Thursday, April 11, 2019, 18:33
According to a 2014 survey, about 8 percent of Britons show signs of seasonal affective disorder and 21 signs of lighter disorder, only a kind of "winter depression."
What causes seasonal affective disorder?
But what causes seasonal affective disorder? Some theories claim that it is caused by the lack of sun during the winter. According to this theory, people in countries far from the equator, such as Iceland, should suffer more, but this has not been confirmed. Another theory says that the problem is circadian rhythms disturbed, which bothers the way the night extends in winter.
According to others, the problem is in the unbalanced levels of serotonin and melatonin in the body. Serotonin gives us energy, melatonin causes drowsiness. It is possible that a lot of melatonin forms in the body in people who suffer from a seasonal disorder, reason why they feel lethargic and tired.

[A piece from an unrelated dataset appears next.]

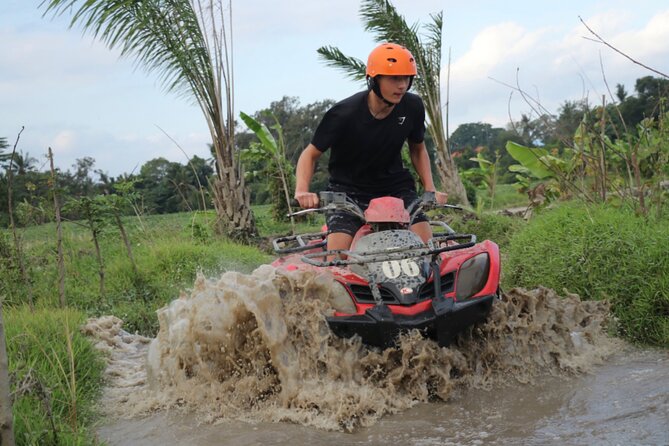 Private Balinese Cooking Class and Balinese house -All inclusive - Where this day really shines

There are many options in the game. It is possible that people susceptibility to seasonal disorder may be affected by the color of the eyes. A study of 175 students from two universities participated: one in South Wales and one in Cyprus. It has been found that people with clear eyes less often suffer from seasonal affective disorders than those with dark eyes. Different eyes can withstand different amounts of light.
Blue eyes are more sensitive to light
Light-sensitive cells are located in the retina of the human eye. When light enters the eye, these cells emit the nerve impulses that create the image in the brain. But in 1995, researchers found that some retinal cells do not participate in this process, but only send information to the hypothalamus on the clarity of the image. The hypothalamus is a very important part of the brain that releases hormones that regulate temperature, hunger and sleep cycle.
As the amount of blue and green light that reaches the hypothalamus increases, the level of melatonin decreases. The eyes with less pigment – blue or gray – are more sensitive to light. People with clear eyes release less melatonin in the fall and winter than in the dark. Therefore, it is possible that people with blue eyes are more resistant to seasonal affective disorder.
Why are there blue eyes in western populations living far from the equator? Some theories claim to be more attractive and therefore have a reproductive advantage. Or is that blue eyes are a side effect of the same mutation that causes a lighter skin color.
This mutation has been developed because it helps people to produce enough vitamin D even in places where the sun shines a bit in winter. Therefore, it is possible that pale people with bright eyes develop the ability to handle the lack of light in winter during the ages without falling into seasonal depression.
Of course, eye color is not the only factor in the development of seasonal affective disorder. It can also contribute to its development when people spend little time outside. These people are helped by outdoor paths, especially when the sun shines.
Phototherapy is also a relatively popular way of fighting winter in a bad mood and depression. All you need to do is sit in front of a full spectrum light for one hour a day and people show a considerable improvement. However, if the symptoms do not decrease, it does not even worsen, it is appropriate to see a doctor and consider using medications.